The regular Wednesday meeting was sparsely attended, with only three commissioners turning up and maybe a dozen people taking up seats in the rest of council chambers. It's summer. It's sunny. There's not a lot going on.
Except for Handleman, who was the only person from the public there to testify on three different council policy items back-to-back-to-back. On the docket were three police issues: Authorizing a grievance settlement and two agreements with the Portland police union, tweaking the boundary for the illegal gun zones, and allowing the IRS to reimburse the city for overtime that Portland cops spend on federal financial crimes cases.

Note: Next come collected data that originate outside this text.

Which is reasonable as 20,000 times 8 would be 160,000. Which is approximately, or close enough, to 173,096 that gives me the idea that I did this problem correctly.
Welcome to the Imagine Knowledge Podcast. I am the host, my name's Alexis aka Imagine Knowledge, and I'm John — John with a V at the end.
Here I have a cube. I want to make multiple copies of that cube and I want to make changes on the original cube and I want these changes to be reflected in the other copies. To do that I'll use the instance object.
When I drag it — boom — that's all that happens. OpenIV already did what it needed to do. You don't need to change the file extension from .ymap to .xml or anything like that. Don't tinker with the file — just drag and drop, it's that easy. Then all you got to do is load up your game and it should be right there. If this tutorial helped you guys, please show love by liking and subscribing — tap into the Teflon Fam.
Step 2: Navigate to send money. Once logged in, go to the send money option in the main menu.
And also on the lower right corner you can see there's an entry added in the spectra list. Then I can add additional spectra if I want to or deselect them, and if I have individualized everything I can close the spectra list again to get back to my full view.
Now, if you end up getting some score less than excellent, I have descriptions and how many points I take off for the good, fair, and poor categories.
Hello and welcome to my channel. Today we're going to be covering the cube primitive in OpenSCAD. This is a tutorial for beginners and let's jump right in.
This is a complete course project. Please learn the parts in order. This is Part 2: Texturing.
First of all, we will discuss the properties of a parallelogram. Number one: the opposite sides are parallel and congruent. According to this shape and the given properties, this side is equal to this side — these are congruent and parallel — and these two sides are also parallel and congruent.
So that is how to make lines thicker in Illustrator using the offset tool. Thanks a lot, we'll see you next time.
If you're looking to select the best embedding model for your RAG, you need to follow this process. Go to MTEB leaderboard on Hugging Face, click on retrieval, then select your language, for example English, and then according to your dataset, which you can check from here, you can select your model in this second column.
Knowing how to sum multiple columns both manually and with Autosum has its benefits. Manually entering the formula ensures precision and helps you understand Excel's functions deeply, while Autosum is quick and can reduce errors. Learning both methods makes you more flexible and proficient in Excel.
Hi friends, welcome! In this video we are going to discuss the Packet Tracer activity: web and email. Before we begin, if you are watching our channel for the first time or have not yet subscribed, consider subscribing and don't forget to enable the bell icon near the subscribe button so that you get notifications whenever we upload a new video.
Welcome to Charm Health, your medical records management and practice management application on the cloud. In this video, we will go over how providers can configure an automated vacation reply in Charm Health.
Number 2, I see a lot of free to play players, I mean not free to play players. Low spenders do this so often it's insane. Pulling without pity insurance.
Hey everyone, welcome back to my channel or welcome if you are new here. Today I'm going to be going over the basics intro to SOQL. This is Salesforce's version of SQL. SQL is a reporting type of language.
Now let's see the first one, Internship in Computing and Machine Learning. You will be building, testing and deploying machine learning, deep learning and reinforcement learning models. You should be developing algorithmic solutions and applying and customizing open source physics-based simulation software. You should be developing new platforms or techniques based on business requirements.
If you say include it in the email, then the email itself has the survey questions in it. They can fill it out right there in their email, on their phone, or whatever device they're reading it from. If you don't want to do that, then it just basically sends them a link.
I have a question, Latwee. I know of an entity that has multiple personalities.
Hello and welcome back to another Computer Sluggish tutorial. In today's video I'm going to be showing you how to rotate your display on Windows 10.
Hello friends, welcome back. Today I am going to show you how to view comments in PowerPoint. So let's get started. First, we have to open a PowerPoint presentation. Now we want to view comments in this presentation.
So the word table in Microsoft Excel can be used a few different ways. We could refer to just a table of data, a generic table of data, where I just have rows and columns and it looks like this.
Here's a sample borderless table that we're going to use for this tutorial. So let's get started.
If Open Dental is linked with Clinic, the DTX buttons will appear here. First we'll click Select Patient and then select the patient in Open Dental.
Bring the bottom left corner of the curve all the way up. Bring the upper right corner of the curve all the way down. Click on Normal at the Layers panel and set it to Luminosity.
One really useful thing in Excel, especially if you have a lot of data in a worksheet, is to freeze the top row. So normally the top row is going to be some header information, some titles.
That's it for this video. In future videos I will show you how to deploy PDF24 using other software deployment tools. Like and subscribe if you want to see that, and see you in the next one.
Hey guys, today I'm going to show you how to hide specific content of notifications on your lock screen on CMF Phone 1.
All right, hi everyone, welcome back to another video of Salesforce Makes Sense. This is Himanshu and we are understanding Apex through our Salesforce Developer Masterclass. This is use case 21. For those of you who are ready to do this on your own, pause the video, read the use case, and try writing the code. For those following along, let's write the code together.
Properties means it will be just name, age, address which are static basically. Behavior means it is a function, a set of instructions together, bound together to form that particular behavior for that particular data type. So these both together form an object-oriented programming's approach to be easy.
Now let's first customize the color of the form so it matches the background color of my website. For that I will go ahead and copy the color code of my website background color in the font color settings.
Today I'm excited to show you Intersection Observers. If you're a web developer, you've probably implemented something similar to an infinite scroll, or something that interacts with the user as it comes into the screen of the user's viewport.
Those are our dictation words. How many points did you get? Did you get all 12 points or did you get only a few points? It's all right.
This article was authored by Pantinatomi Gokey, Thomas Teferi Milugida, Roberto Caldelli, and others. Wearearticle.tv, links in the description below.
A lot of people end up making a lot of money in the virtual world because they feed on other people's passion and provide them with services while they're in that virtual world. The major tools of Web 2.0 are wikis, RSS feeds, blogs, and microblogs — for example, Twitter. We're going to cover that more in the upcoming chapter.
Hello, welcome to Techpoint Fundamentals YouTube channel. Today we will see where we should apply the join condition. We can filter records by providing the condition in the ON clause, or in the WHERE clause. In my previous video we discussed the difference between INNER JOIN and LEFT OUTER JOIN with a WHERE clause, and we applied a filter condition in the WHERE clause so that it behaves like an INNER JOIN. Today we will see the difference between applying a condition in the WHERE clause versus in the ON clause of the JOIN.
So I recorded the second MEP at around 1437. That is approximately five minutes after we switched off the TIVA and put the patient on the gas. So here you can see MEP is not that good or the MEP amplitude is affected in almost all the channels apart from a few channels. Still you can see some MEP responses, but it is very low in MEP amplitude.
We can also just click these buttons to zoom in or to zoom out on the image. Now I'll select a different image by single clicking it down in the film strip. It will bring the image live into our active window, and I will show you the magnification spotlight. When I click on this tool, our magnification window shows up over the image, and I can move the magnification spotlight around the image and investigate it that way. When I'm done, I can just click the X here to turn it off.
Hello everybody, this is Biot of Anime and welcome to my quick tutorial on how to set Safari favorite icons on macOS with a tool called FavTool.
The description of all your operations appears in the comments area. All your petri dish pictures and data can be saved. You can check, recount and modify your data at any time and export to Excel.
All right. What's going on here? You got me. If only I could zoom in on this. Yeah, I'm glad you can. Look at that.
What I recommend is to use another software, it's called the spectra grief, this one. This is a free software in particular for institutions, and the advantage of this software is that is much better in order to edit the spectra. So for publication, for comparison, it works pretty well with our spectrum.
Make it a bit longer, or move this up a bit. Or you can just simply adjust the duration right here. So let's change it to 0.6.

None of those are huge deals unto themselves, but Handleman had some good points. On the illegal guns front, Handleman noted that the report on the crackdown shows that only three out of 13 people arrested have been white. Handleman drew a comparison to the city's late Drug and Prostitution Free Zones, which were shown to have a racially discriminate impact.
"Only 3 out of 13 people? That's 23 percent white arrests in a city that's 75 percent white. I'm not saying that's discriminatory, but I'm saying that does raise a few eyebrows," Handleman told the council. "I see the mayor's shaking his head at me, but it's true."
Mayor Sam Adams had a stern reply: "Significant numbers of African American Portlanders are victims of murder by guns in this city. There is a racial aspect to illegal use of guns in this city. It is awful, tragic, and we are trying to intercede."
So basically, Adams is saying that the disproportionate arrests of African Americans is okay in the crackdown on illegal guns, since African Americans are disproportionately victims of gun crimes in the city.
On to the other issues. With the illegal gun zones, the city spent months drawing the boundaries for "hot spot" zones that exclude people with a history of gun crimes and have tougher penalties for illegal guns. But somehow, no one noticed during all this hashing out of the hot spot zones that one of the areas is actually technically in Gresham. Whoops. The council had to tweak the zone to move it two blocks back into Portland's jurisdiction. With the police union negotiation, Handleman took the chance to criticize the city for outright lying that cop talks were public.
"This just shows how the city rushes though things and makes mistakes, then tries to decide things behind closed doors," says Handleman.